Wachter, chief of medical service at Moffitt-Long Hospital, University of California, San Francisco, said in an interview published in the American College of Physicians’ ACP Observer: “Many [hospitalists] are chairing patient safety committees and scores are leading new teamwork-training programs, creating new models for morbidity and mortality conferences…It all comes from a happy coincidence. The hospitalist movement’s evolution took place just as the patient safety movement was heating up, and the merging of the two fields is completely natural.”
As a first-year attending, King immediately set to work completing two such studies and published his work in the Journal of Hospital Medicine and the Joint Commission Journal of Quality and Patient Safety. These articles helped solidify his foothold in the academic world, where he has now landed as an assistant professor of clinical medicine at Penn Hospital Care Physicians, in the Division of General Internal Medicine at the University of Pennsylvania School of Medicine. While King’s career is unfolding in the academic setting, he explains that many hospitalists primarily work in community or private hospitals.
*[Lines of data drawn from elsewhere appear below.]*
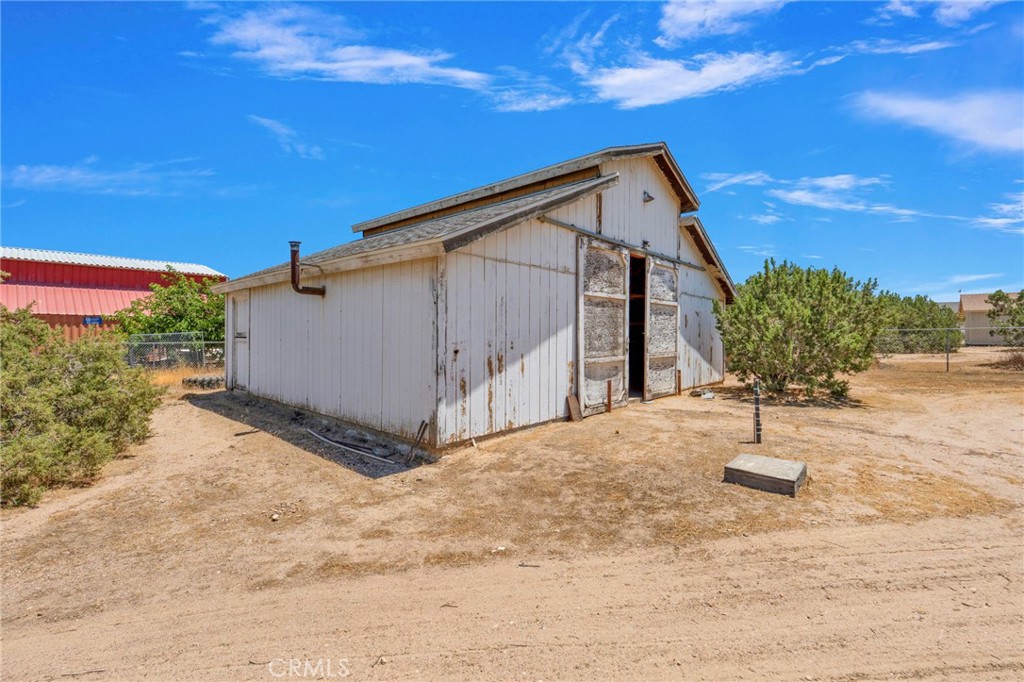 8172 Coyote Property Photo 34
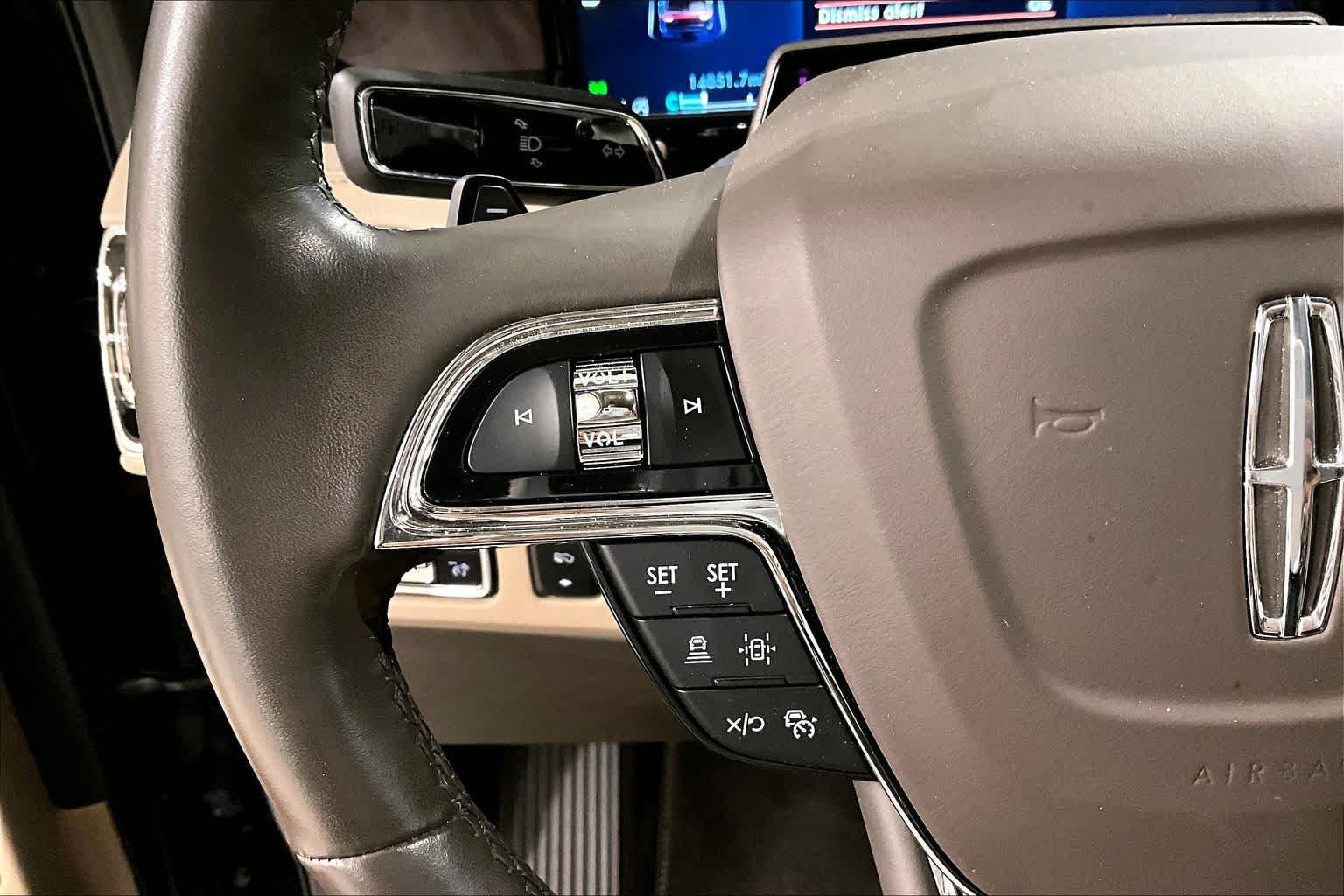Used 2022 Lincoln Navigator Reserve AWD/4WD image 23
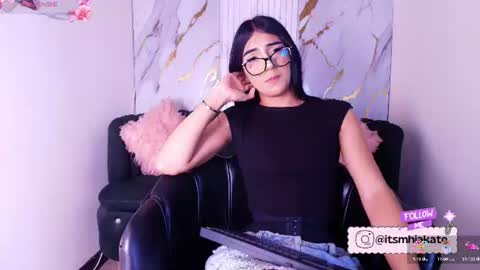 Snapshot of mhia_kate chatting on June 2026 11:47:02 AM Mhia Kate online show from June 2026 11:47:02 AM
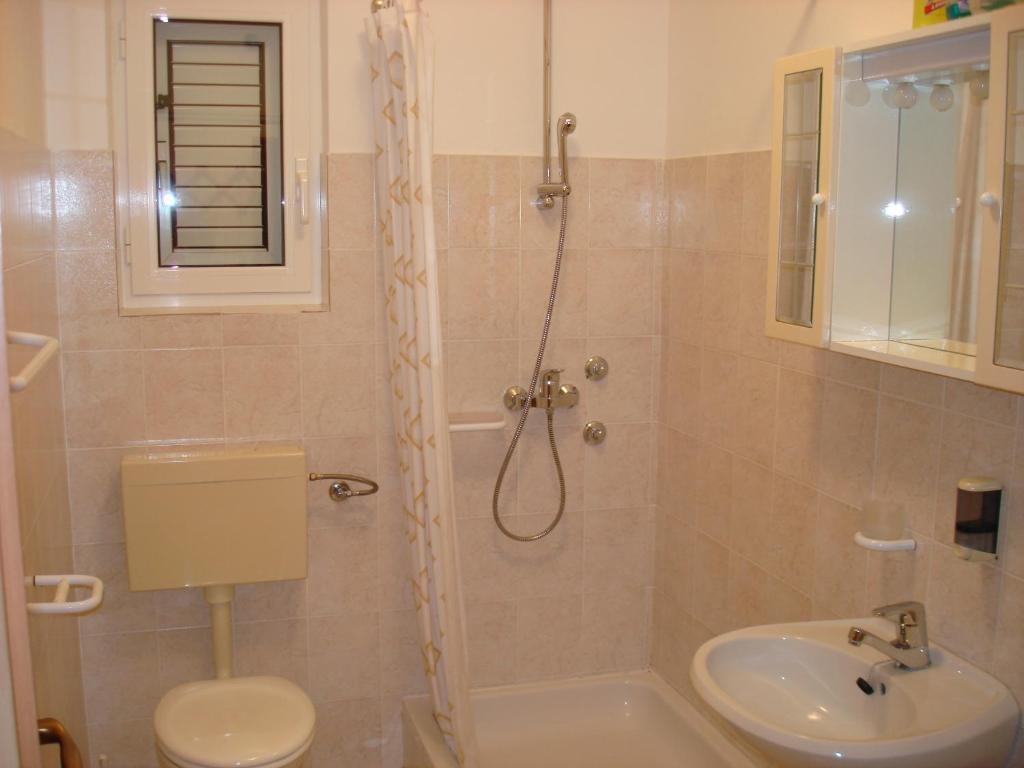 Villa Jasmin Bol Rom bilde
Teaching and inpatient care make up most of King’s work day. He currently participates in an unprecedented quality improvement experiment that assigns a nurse manager to a physician leader and a quality improvement expert to collectively manage day-to-day operations of three hospital floors. He eschews the common criticism that using hospitalists may disrupt continuity of care. For some of his patients, he observes, he is ironically their only line of continuity in the healthcare system.
Like many academic medical centers, the Hospital of the University of Pennsylvania is a safety-net for its urban host community. Without health insurance or access to regular primary care, many community members, particularly those with chronic conditions, use the emergency department when they become ill. If admitted to the hospital, these patients are likely to be cared for by a hospitalist, who not only manages their treatment, but also ensures its quality.
Does he feel that he is having an impact on improving the delivery of healthcare? King tells a story: Not too long ago, two older women under his care were chatting quietly and appeared to be talking about him — not a positive sign, he thought. When he approached, they told him they were planning to switch from their primary care doctor to his practice. And when King explained he only sees patients in the hospital, they responded that in that case, they would just have to come to the hospital more often.